Considering that substantial variation in national responses to the pandemic occurred and that the reported numbers of COVID-19 cases were influenced by the number of diagnostic tests executed and by the population size, further liner regression studies, weighted for each of those values, and adjusted for the SI, were performed. A significant direct correlation was confirmed between COVID-19 and CF prevalences when data were weighted for the number of diagnostic tests performed (Fig. 1B; p = 0.0000) also after adjusting for the SI (R2 = 0.32; beta = 0.52; CI = 0.39–0.65; p = 0.000). Weighting for the number of inhabitants (Fig. 1C; p = 0.0003), and additionally adjusting for the SI confirmed the finding (R2 = 0.39; beta = 0.51; CI = 0.26–0.75; p = 0.000).

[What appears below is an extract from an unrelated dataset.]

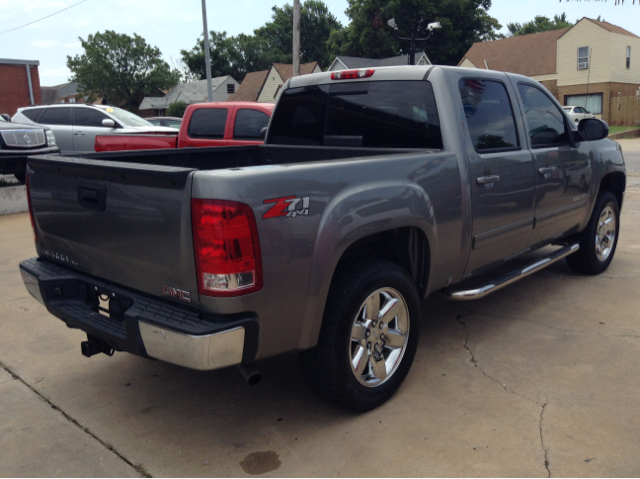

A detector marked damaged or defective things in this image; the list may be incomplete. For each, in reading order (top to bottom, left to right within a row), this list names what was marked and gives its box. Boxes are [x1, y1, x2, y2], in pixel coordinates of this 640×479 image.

crack in pavement [0, 362, 151, 478]
crack in pavement [452, 314, 552, 478]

In addition, in a regression model weighted for the number of tests performed, no significant correlation was found between COVID-19 prevalence and the percentage of population older than 65 years (beta = −0.9; CI: −2.38–0.58; p = 0.225).
COVID-19 CFR correlates with CF prevalence
The CFR of COVID-19 significantly correlated in a direct manner with CF prevalence (Fig. 1D; r = 0.47, p = 0.0032) also in a regression model weighted for the number of inhabitants (Fig. 1E; p = 0.0068) or performed tests (beta = 0.33; CI: 0.05–0.6; p = 0.022). In addition, COVID-19 CFR correlated with the percentage of population older than 65 years (Fig. 1F; r = 0.47; p = 0.036) and the total cancer prevalence (beta = 1.1; CI: 0.35–1.85 p = 0.005) in a regression weighted for the number of tests performed.

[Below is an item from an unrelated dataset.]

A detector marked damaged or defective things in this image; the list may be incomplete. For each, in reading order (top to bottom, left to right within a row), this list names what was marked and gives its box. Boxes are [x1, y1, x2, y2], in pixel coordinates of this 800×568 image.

In a multiple linear regression model the correlation between CF prevalence and COVID-19 CFR was confirmed to be significant after adjusting for the prevalence of people older that 65 years, the cancer prevalence and weighting the analysis for the number of tests performed (R2 = 0.40; beta = 0.32; CI = 0.01–0.64; p = 0.043).
Discussion
This report shows that the country-specific CFR and prevalence of COVID-19 during the first pandemic wave directly correlated with the CF carrier prevalence in 37 countries.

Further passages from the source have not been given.